Finally, we also assessed how parental thermal conditions during final gonad maturation (cold and warm breeders described above) influenced offspring growth and survival 1 year after stocking in natural lakes (64). Interestingly—but contrary to our expectations—our results revealed that offspring from cold breeders showed lower survival than those from warm breeders. A potential explanation for this observation is that lakes where fish were stocked were unusually warm during our experiment and, thus, that beneficial intergenerational plasticity may have favored and increased the survival of fish from the warm-breeder temperature group. Such transmitted plasticity could thus be highly beneficial when the parental environments match offspring environments, which is expected to happen more and more often in climate change scenarios. If such plasticity can be transmitted over several generations, it could also help to buffer environmental effects until genetic accommodation can occur.

Sex-linked factors

Understanding how sex bias in gene expression contributes to sexually dimorphic phenotypes, and how this affects fitness, is important for understanding genotype–phenotype interactions (65). Working with the L strain, Bastien et al. (21) showed that selection led to a 40% decrease in the proportion of early sexual maturity at 22 months over three generations (from 67.5% of early sexual maturation to 38.6%) (Figure 3). This result revealed that both growth and lower early maturation could be simultaneously selected in these fish, reflecting different underlying genetic regulations. The analysis of genetic variance–covariance of precocious maturation and weight at 22 months in the F3 population indicated moderate to high heritability (h² > 0.30) for both traits in both the Ls and L strains (21). In addition, Crespel et al. (39) compared the L, R, and D strains and as well as their hybrids and showed a greater proportion of early sexual maturation in 1+ juveniles of the D population (more than 25%) than in the other pure populations (<10%), but there was no heterosis for environmental effect related to this trait (Figure 3). Because cross direction in the hybrids still played a role on the expression of some phenotypes, a possible linkage between sex genes and genes associated with some traits of performance may be present. Such a linkage might influence the predominance of a specific population as female or male (66–69).

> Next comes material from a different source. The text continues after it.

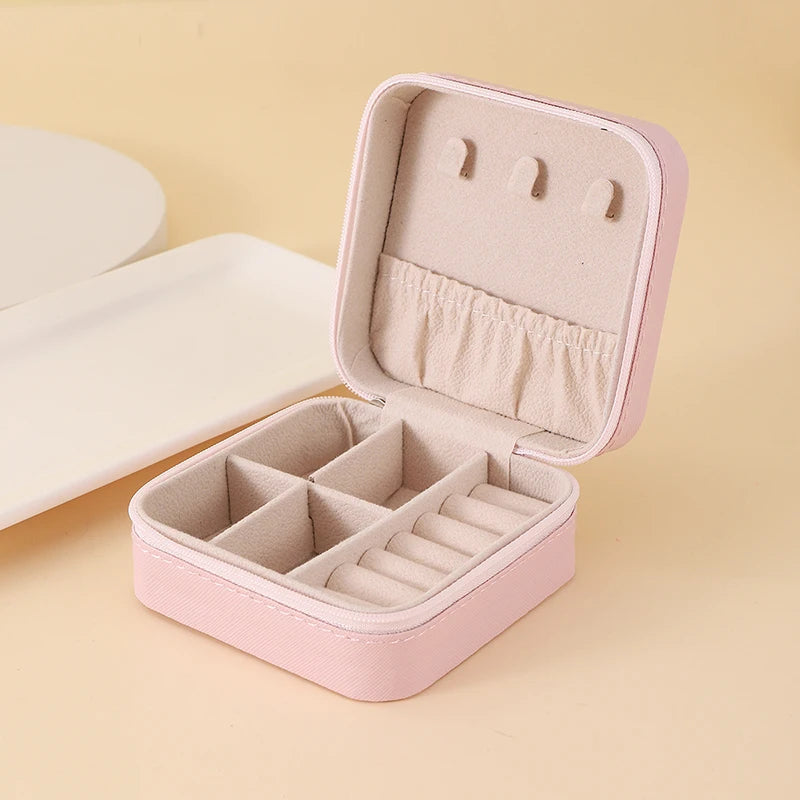 Travel Jewellery Case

With Sutherland et al. (70, 71), we looked at the genetic architecture in relation to antagonistic selection and sex determination. Some alleles may benefit sex differently (43, 72), while allelic dominance may also depends on the individual's (73). Moreover, the salmonid genome remains in a residually tetraploid state, with some chromosomal telomeric regions continuing to recombine between homologous chromosomes while others have rediploidized (74–77). A sex-linked chromosome was identified in brook charr (70) that was different from those linked to sex in any other species characterized by high-density genetic maps.

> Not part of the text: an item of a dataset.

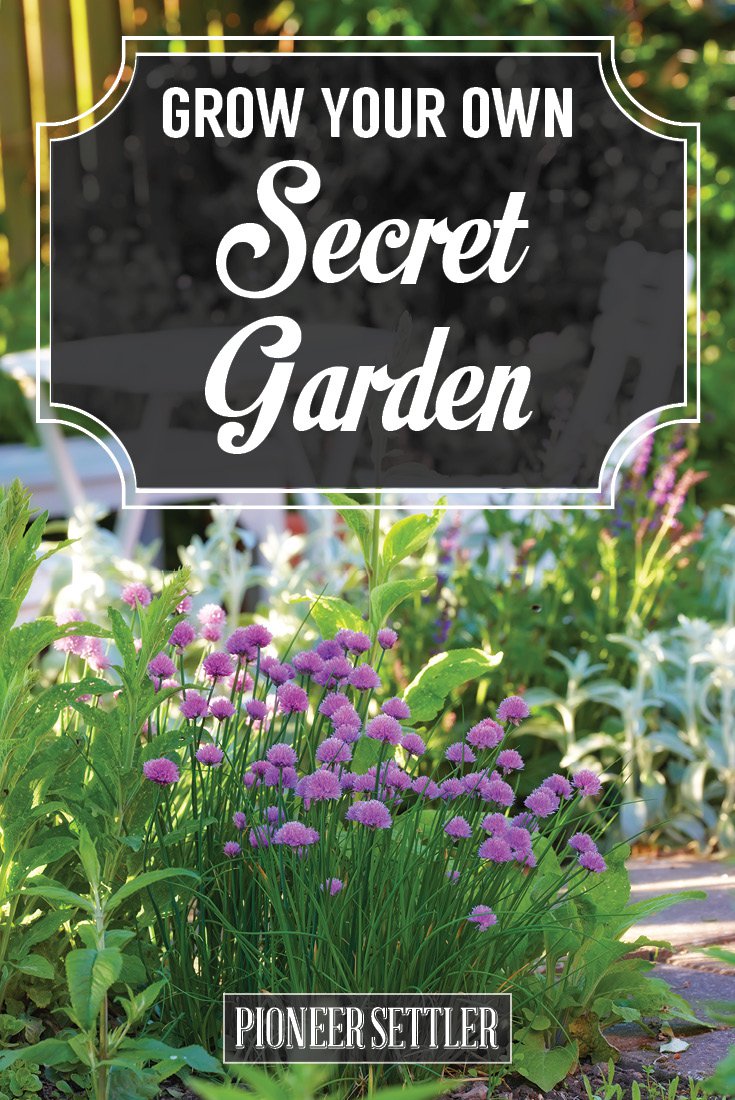 secret garden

Sutherland et al. (71) constructed a high-density genetic map with 3,826 markers [details in (78)] from the same phenotypic data set used by Sauvage et al. (44, 45) and were able to characterize co-expression networks for both female and male liver transcriptomes and compare them. Sexual dimorphism in body size and secondary sexual characteristics is associated with reproductive success in brook charr and other salmonids (79). In our results, we showed that females displayed higher inter-individual variance in gene expression than males. The liver tissue was used for this work and many phenotypic associations in females, but not in males, were related to sexual maturation. As liver function is crucial to the vitellogenesis process, this may partly explain the difference observed in inter-individual variance between sexes. A network comprises modules, each of which comprises a group of genes with correlated expression patterns. Unlike the female network, a large proportion of the male data could not be assigned to a module. Our observations confirmed previous findings that co-expression patterns are often preserved between sexes (80, 81). The most preserved modules between the sexes were involved in basic cellular processes, such as translation machinery. Immunity-related modules were also preserved between the sexes.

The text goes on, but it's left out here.